Locus Reference Genomic standard (LRG).
Phenotype data modeling.
Utilizing the semantic Web.
Web services and exchange formats.
Most of these groups are available to the general public, whereas a few require users to receive authorization from a group administrator to participate. The KC welcomes and encourages applications from members of the G2P community who wish to utilize the interest group facilities for their own topics and projects. Such proposals can be made via a simple request form available at the site.

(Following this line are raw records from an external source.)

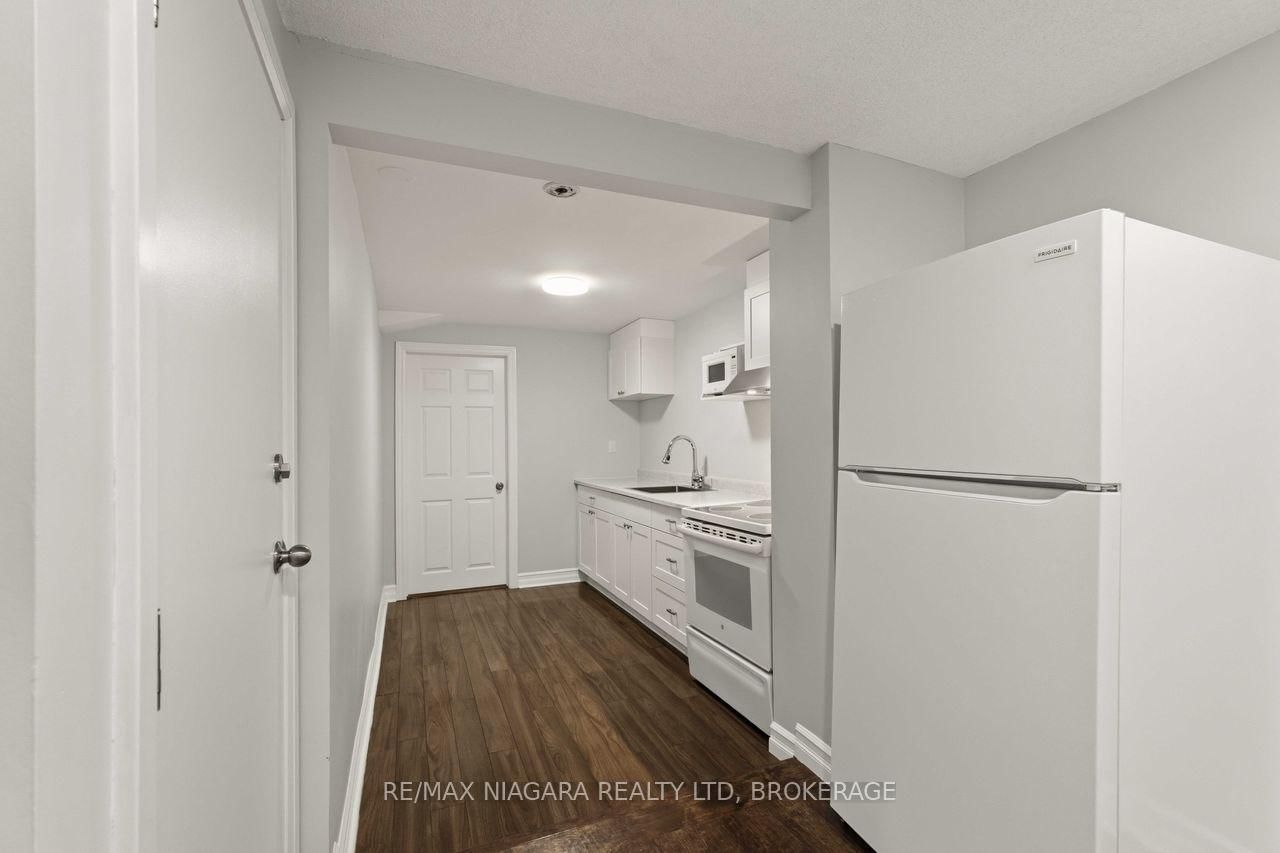 41 Eastwood Drive • Welland, ON photo 27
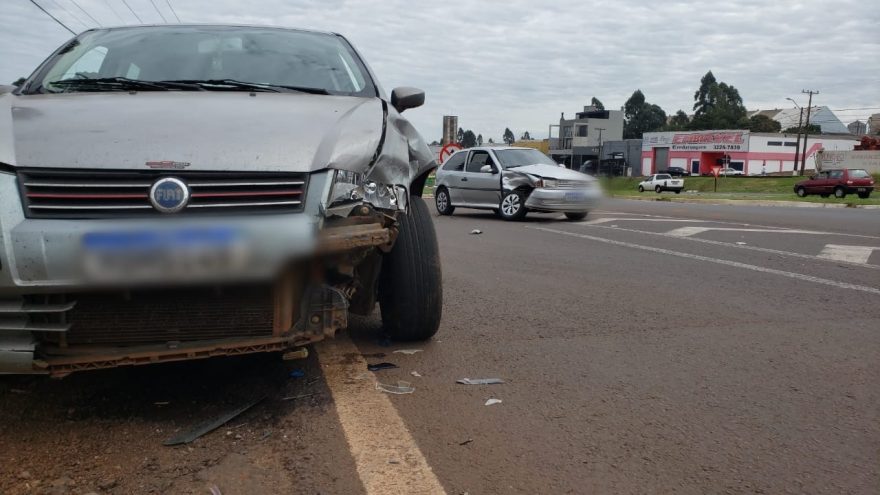Colisão de trânsito é registrada na marginal da BR-277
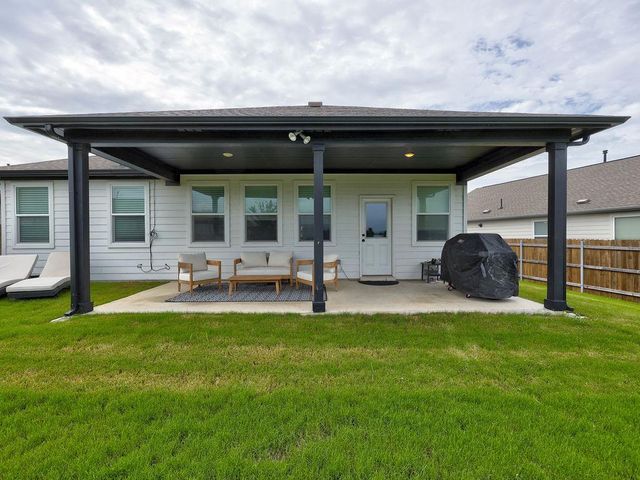 1004 Sandra Ann WAY, Hutto, TX 78634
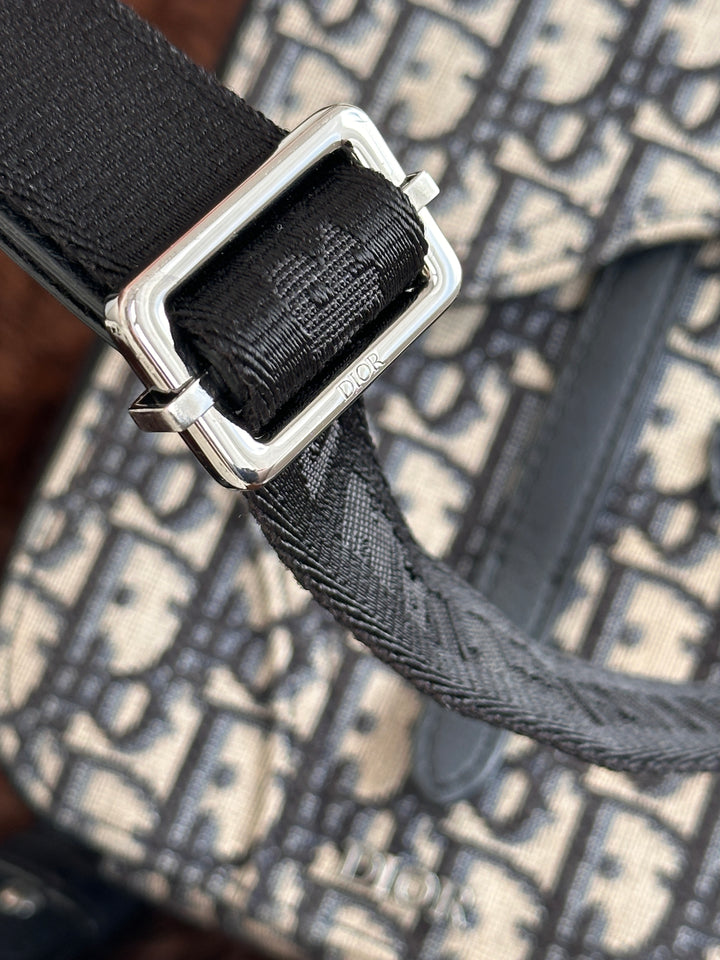 Dior Oblique Saddle Camera Bag 💙🩶｜Iconic Oblique Canvas・Unisex Design・Modern Classic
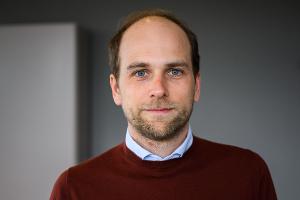 Raoul Roßmann nimmt den Konkurrenten dm im AfD-Streit in Schutz. 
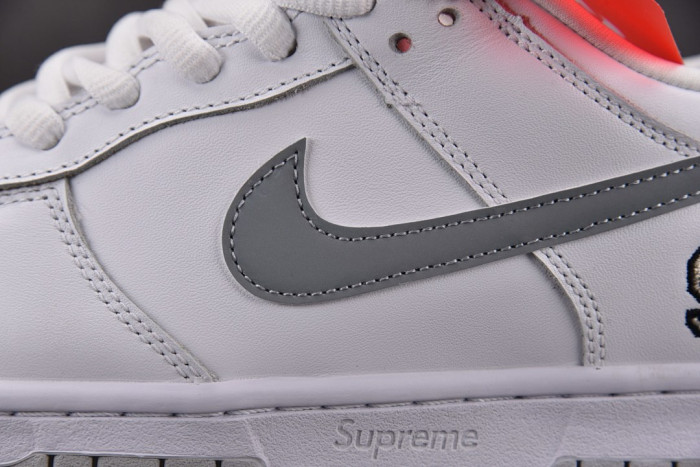 Nike SB Dunk Low S*pr1m1 94 White Metallic Silver  HQ8487-100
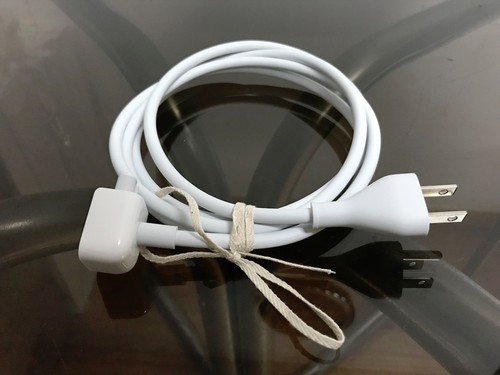 New authentic apple magsafe - authentic,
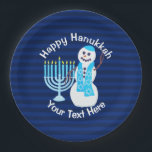 Assiettes En Carton Hanoukka Jewish Snowman Et Blue Menorah Party<br><div class="desc">Ce bonhomme de neige Hanoukka souriant avec son foulard Star Of David en bleu vif est prêt à apporter la joie à votre fête Hanoukka. Les plaques de papier sur mesure font le nettoyage d'une brise. Des rayures bleu foncé et une Menorah bleue lancent votre texte personnalisé pour une table...</div>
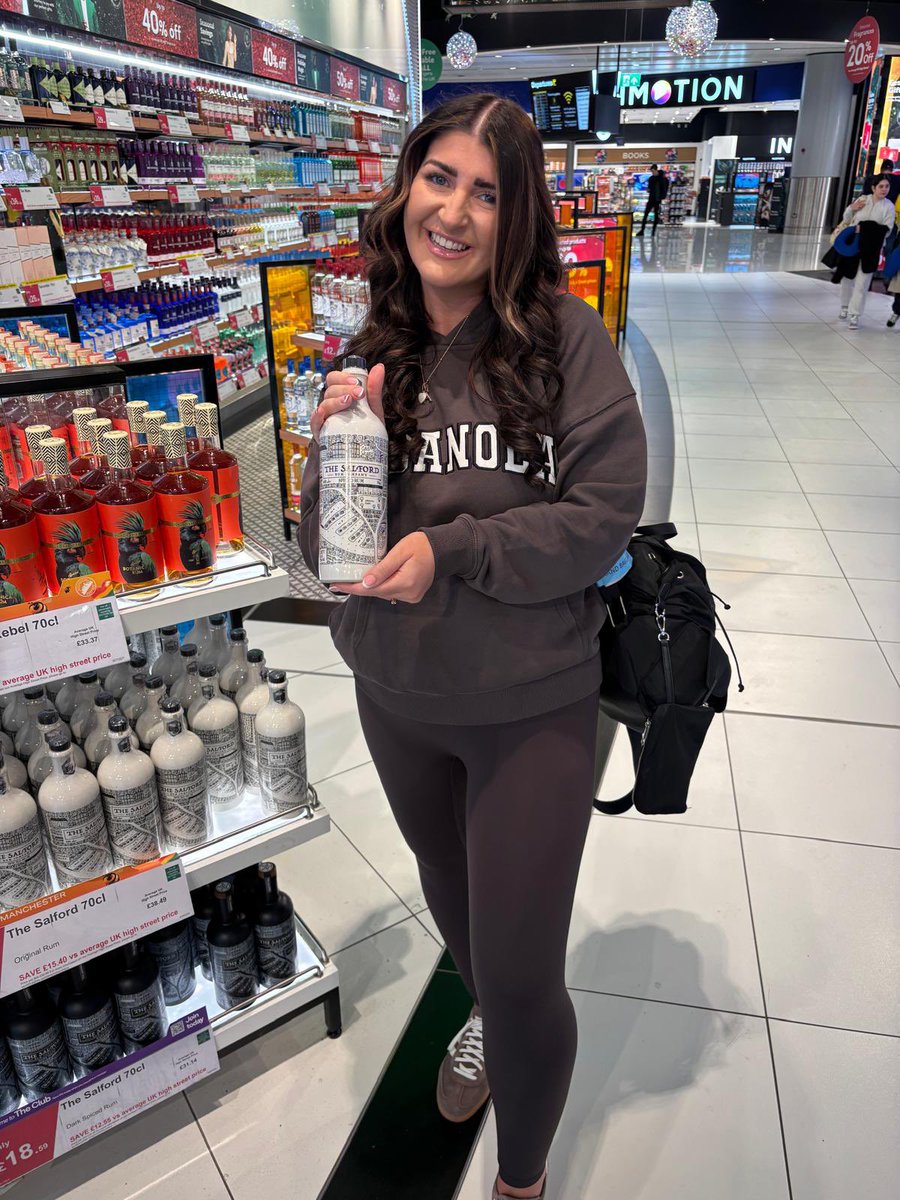 PeterTa75875224's tweet image. Winter break?    Don’t forget to pick up a bottle of Salford Rum at @manairport @SalfordRum  #premiumrum @gaz_hop @blackandamber3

System Design and Implementation
The KC has been constructed using the Drupal content management system (CMS) (http://www.drupal.org). Despite a steeper development learning curve compared to other popular CMSs, Drupal was selected for its robust and extremely flexible code base with which to build sophisticated Web applications. The standard platform has since been considerably extended using a combination of both public domain contributed modules and several custom coded modules specific to the KC implementation. As with other GEN2PHEN software packages, these extensions will be made available for download as open-source software.
As summarized in this article, even though only two-thirds of the way through its funding period, the GEN2PHEN project has already generated many key resources and paved the way to a fully integrated, community-enhanced G2P network. In its current form, the KC provides the G2P community with a central hub for data, other useful information, and community interaction. To further leverage these powerful tools and resources, the project generally (and the KC in particular) will continue to explore new methods to distribute its contents besides the human-readable HTML-based Website. Besides commonly used formats for Web content syndication such as RSS and Atom, technologies and formats such as the resource description framework (RDF) may be employed to provide data and leverage the potentially immense power of the Semantic Web [Berners-Lee and Hendler, 2001; Berners-Lee et al., 2001]—a self-describing Web-based global network of linked data (http://linkeddata.org). An associated expansion of Web services both on the KC and as part of other project resources will simultaneously help to facilitate Web-based data integration or “mash-ups” [Cheung et al., 2008], and machine-oriented knowledge generation.
Most ambitiously of all, the GEN2PHEN project has recently begun exploring how G2P data and related tools might be adapted or newly created to move G2P knowledge beyond the research domain and into the healthcare environment. Clearly, this raises many challenges that are far too large and way beyond the scope of GEN2PHEN itself. But the very successful philosophy the project has followed, with its emphasis upon integrated community development work toward fully interoperable information networks and the bidirectional flow of information to/from the user community, probably represents a good template for future projects seeking to integrate G2P and other bioscience realms, especially if aiming at delivering improved healthcare.
In summary, even though we argue that GEN2PHEN has made a good start in a range of directions, we are fully aware that a massive amount of further work needs to be done if scientists are to fully meet the challenge set out at the start of this article: that is, to effectively organize, integrate, share, and interpret the wealth of new life science information in sophisticated and effective ways. We believe this challenge can and will be met, and foresee many exciting and revolutionary years ahead as this is achieved.